BEGIN
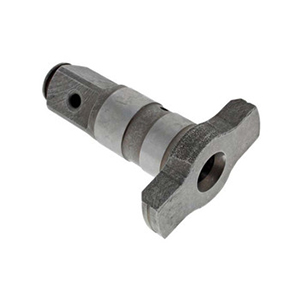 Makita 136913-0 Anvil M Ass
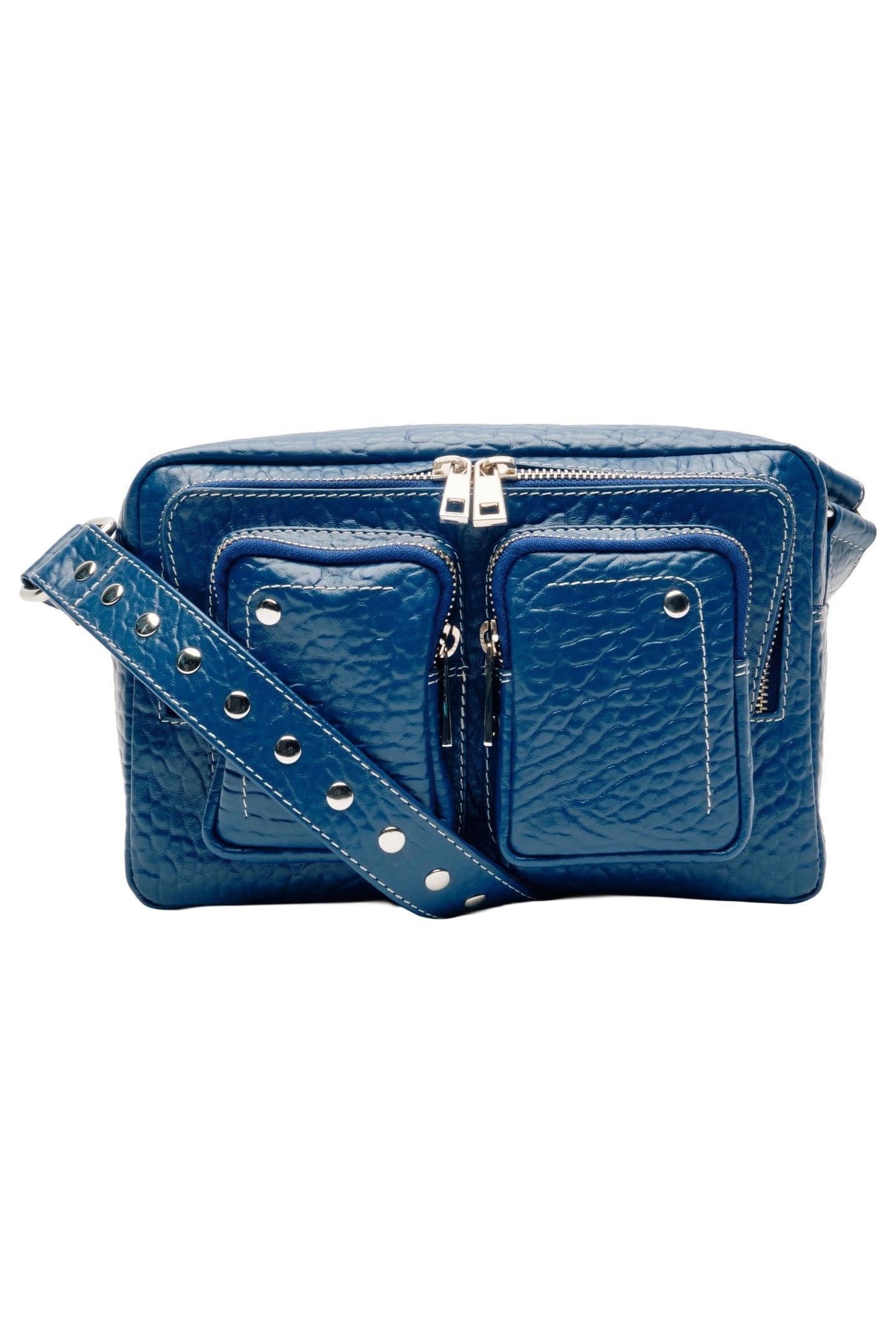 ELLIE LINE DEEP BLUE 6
END
BEGIN
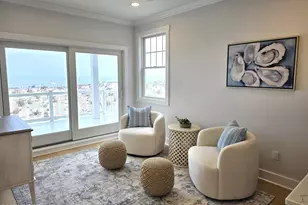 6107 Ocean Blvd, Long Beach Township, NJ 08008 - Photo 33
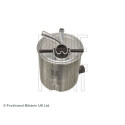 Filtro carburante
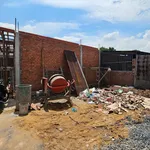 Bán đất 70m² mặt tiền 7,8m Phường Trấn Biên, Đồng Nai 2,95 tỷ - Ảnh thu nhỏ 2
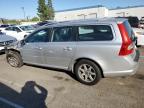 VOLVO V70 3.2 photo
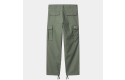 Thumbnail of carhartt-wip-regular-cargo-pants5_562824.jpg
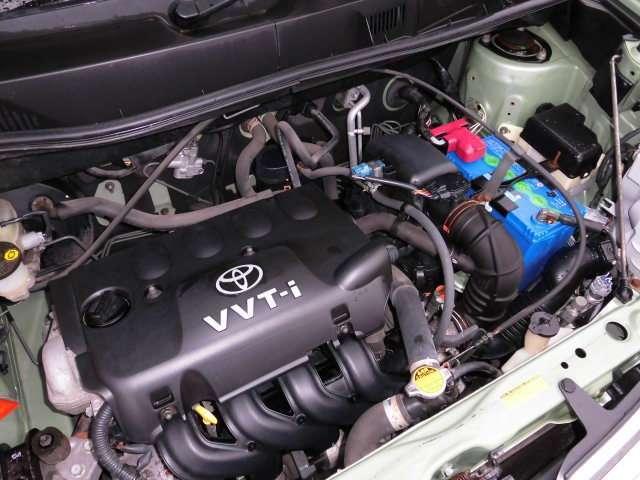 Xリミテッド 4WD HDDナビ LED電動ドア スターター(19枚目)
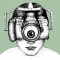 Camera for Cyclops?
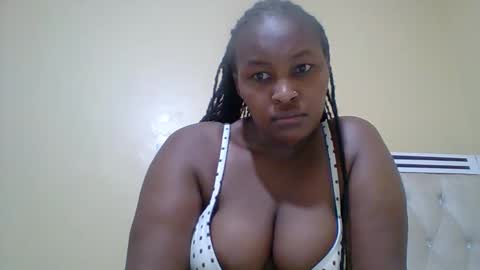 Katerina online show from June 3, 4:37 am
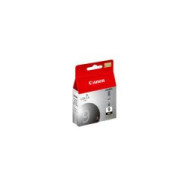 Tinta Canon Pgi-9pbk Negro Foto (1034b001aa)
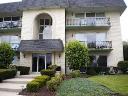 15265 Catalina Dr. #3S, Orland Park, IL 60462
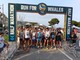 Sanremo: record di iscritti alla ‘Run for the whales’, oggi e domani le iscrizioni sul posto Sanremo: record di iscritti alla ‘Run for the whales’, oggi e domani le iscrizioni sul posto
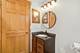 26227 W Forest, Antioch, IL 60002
END
→ Instructions to follow
Please copy out from the data above, without any picture, exactly the lines running from the one that holds "VOLVO V70 3.2 photo" through the one that holds "26227 W Forest, Antioch, IL 60002", and nothing beyond them.

→ Answer space
 VOLVO V70 3.2 photo
 Thumbnail of carhartt-wip-regular-cargo-pants5_562824.jpg
 Xリミテッド 4WD HDDナビ LED電動ドア スターター(19枚目)
 Camera for Cyclops?
 Katerina online show from June 3, 4:37 am
 Tinta Canon Pgi-9pbk Negro Foto (1034b001aa)
 15265 Catalina Dr. #3S, Orland Park, IL 60462
 Sanremo: record di iscritti alla ‘Run for the whales’, oggi e domani le iscrizioni sul posto Sanremo: record di iscritti alla ‘Run for the whales’, oggi e domani le iscrizioni sul posto
 26227 W Forest, Antioch, IL 60002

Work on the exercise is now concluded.